Sophie’s Squad is based near Hughes’ hometown of Lino Lakes, Minnesota, near Minneapolis. Hughes lives most of the length of the state away during the school year, but she remains as involved with the group as time allows. She has also become involved with the Green Bandana Project, an organization led by UMD student-athletes. In January, the Bulldogs women’s hockey team held fundraiser game nights for both mental health organizations.
Hughes is the first Hockey Humanitarian Award finalist to play under UMD coach Maura Crowell. For her, it comes as no surprise that Hughes has been so heavily involved in campaigns of such importance.
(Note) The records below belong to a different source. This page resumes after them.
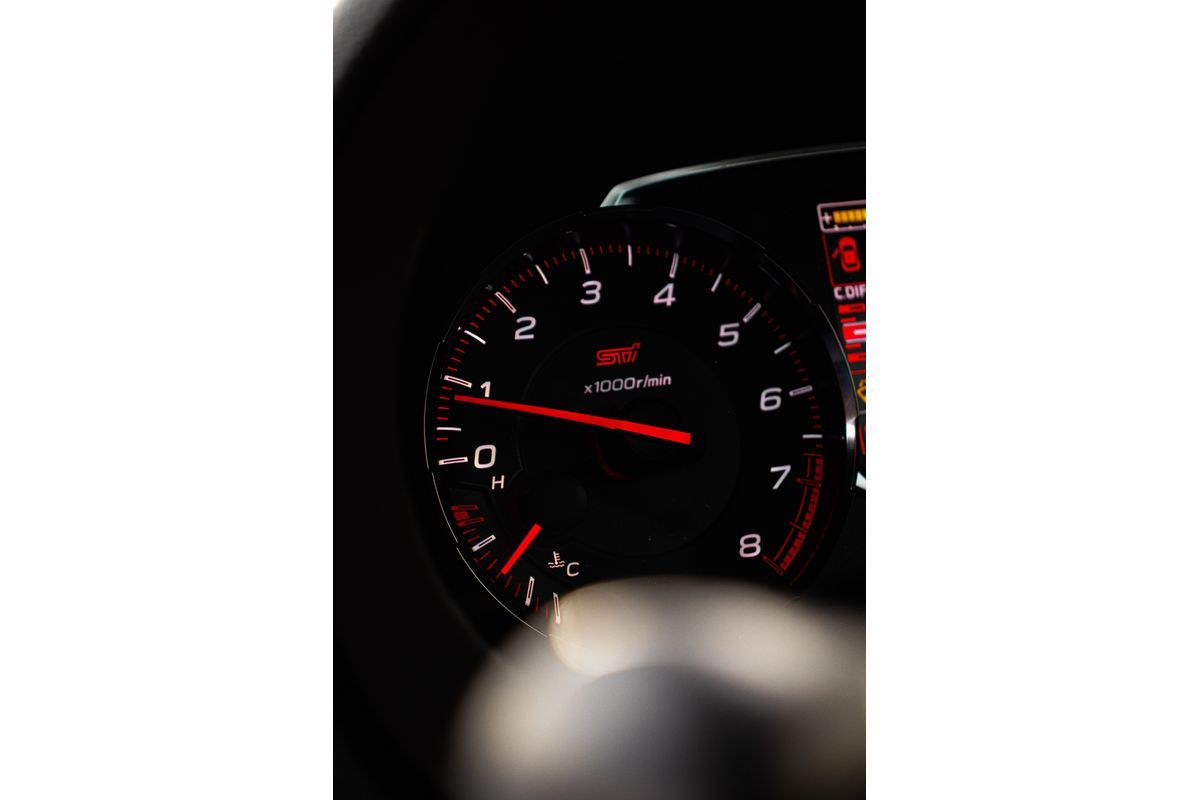 2017 Subaru WRX STI Premium VA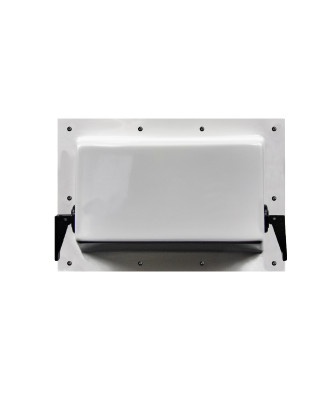 Ventguard : la plaque qui rend une grille d'aération étanche en 30 secondes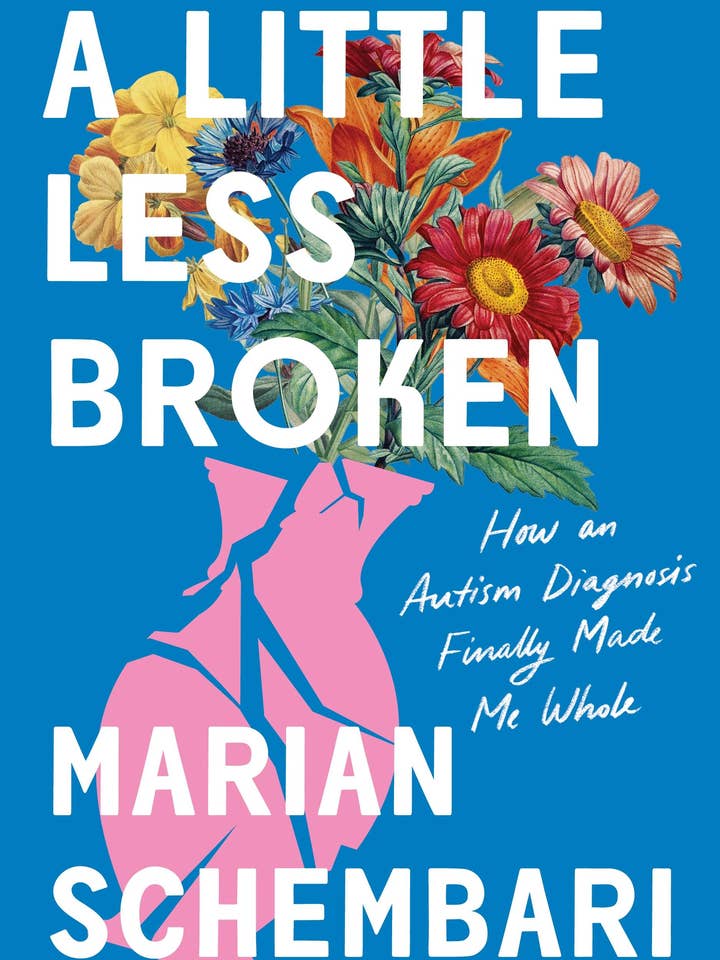 How An Autism Diagnosis Made Me Whole for wholesale by Macmillan Publishers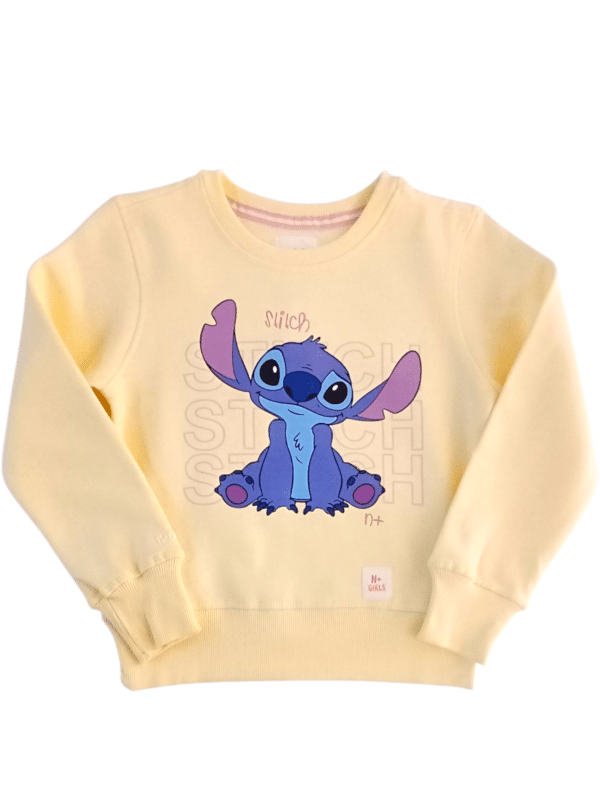 Buzo jogging STICH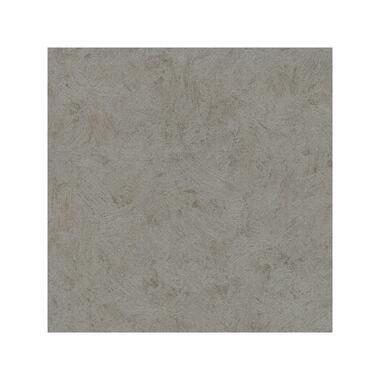 Dutch Wallcoverings - Unis & Textures 6 uni bruin - 0,53x10,05m product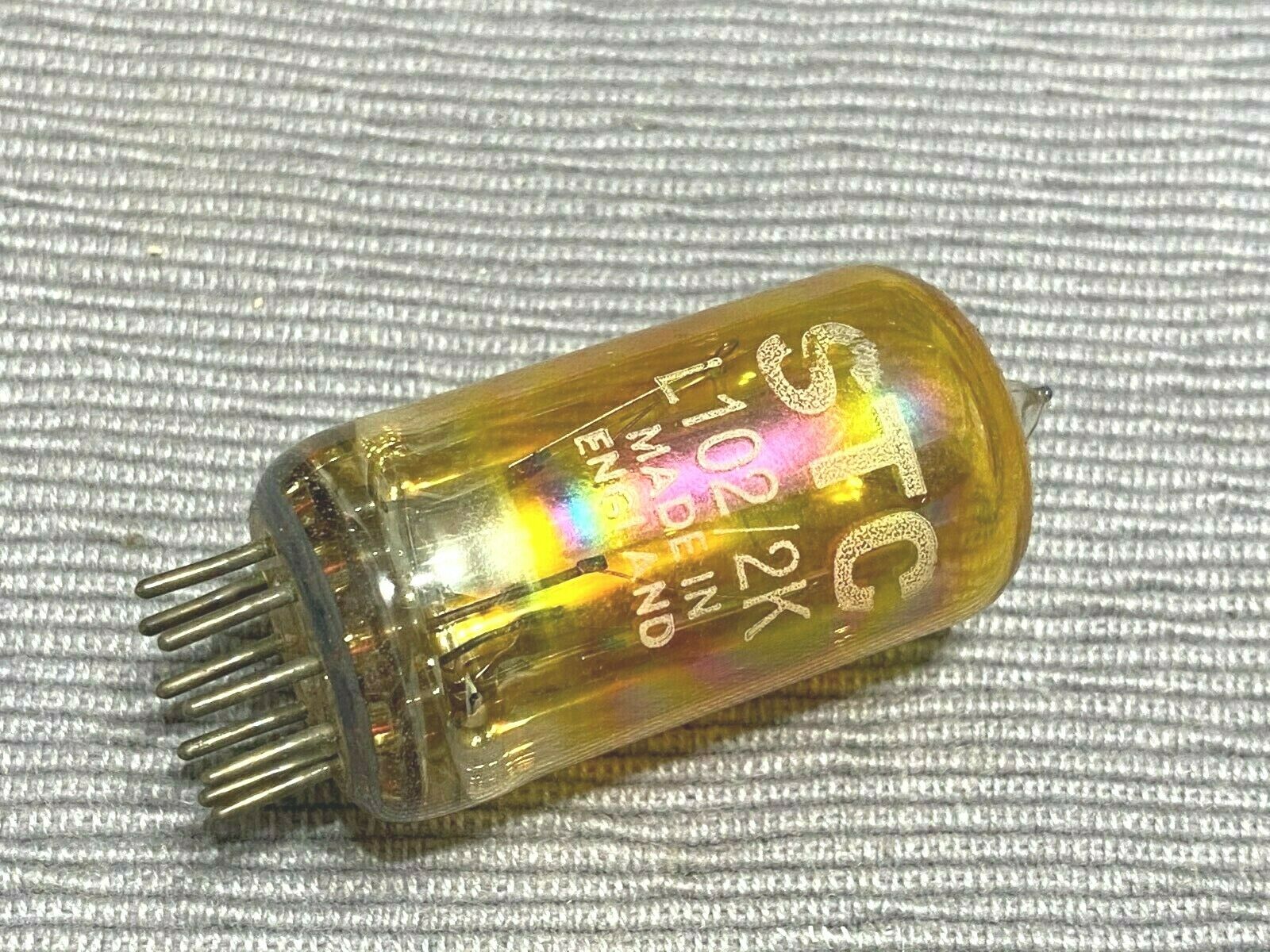 1PCS - STC L102/2K 16STE  Vacuum tube - NOS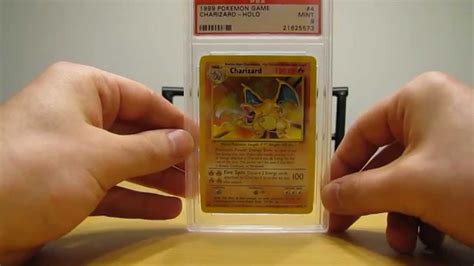 What Are Graded Pokemon Cards Youtube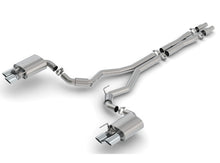 Load image into Gallery viewer, Borla 2018 Ford Mustang GT 5.0L AT/MT 3in S-Type Catback Exhaust w/ Valves - eliteracefab.com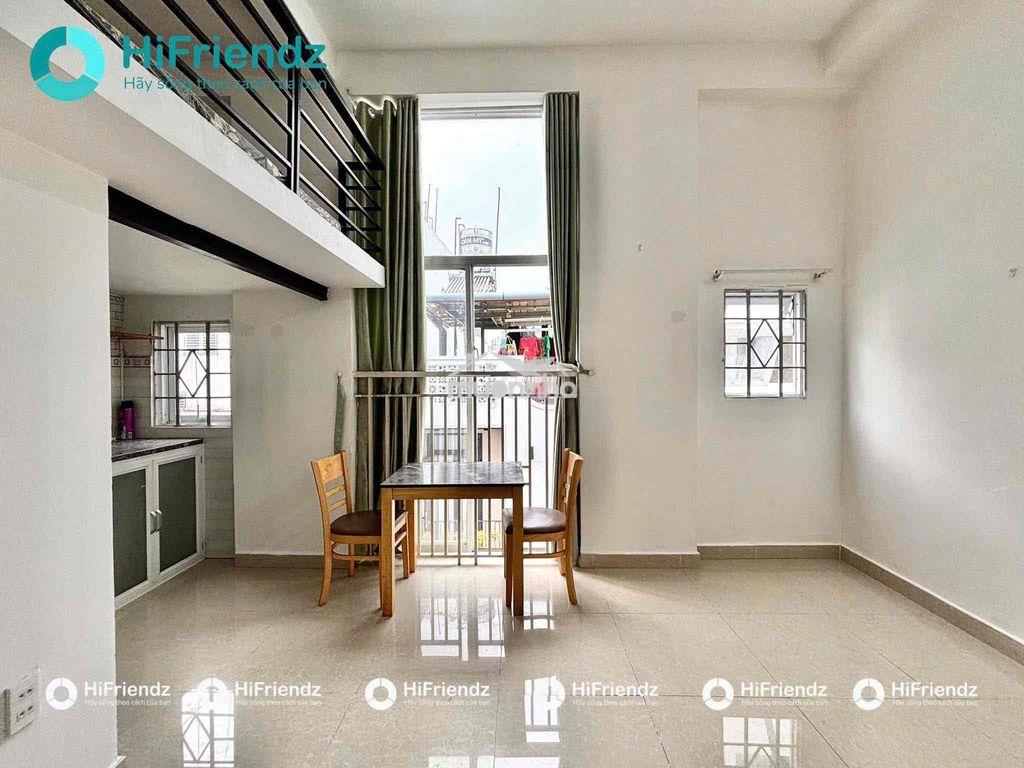 🔥Cho thuê phòng gác rộng 30m2 - full nội thất ngay nguyễn trọng tuyển - 4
“I love that kid, and we have a great relationship,” Crowell said. “I feel like I’ve known her forever, just because of recruiting back in the day. I know her and her family really well, and I know how impactful Sophie was in her life, and when she passed like she did, I had a feeling Gabbie was going to be very moved by it and do something positive from that.
“Right when it happened, she reached out to us coaches asking if we could do helmet stickers, and I could see the wheels were turning her head. We’ve talked extensively about Sophie’s Squad and her involvement, and when it came to having a game here, she and I were spitballing ideas based on what they had done at high school games in the state, and Gabbie’s vision for what it should look like here. She really took the bull by the horns.”
An integrated special education major, Hughes will play for UMD again next season as a graduate student, and is considering a sixth year of college in Duluth. All the while, on top of her work with the Green Bandana Project, she will be striving to help build the profile of Sophie’s Squad. The organization has become known for working with Minnesota hockey teams, but Sophie’s Squad is looking at casting its net out to more sports and groups from more states.
Hughes will remain plenty busy before and after her time at UMD is over. She is a highly-driven yet grounded individual, and that comes out when she talks about her work off the ice.
“Knowing that you’re doing something like this for a reason is important, because it can get pretty hard,” she said. “It’s definitely nice still having Sophie involved in my life every day, but I miss her all the time, and I can’t imagine how her family feels.
“It can be tough, but it’s about always remembering the greater good and the people that you can impact through it and having that passion inside of you for impacting people. You keep your eye on the goal of what you want to do, and never think your ideas are ridiculous or out of reach, because it’s not. If you have that passion and find the resources, you’ll get there.”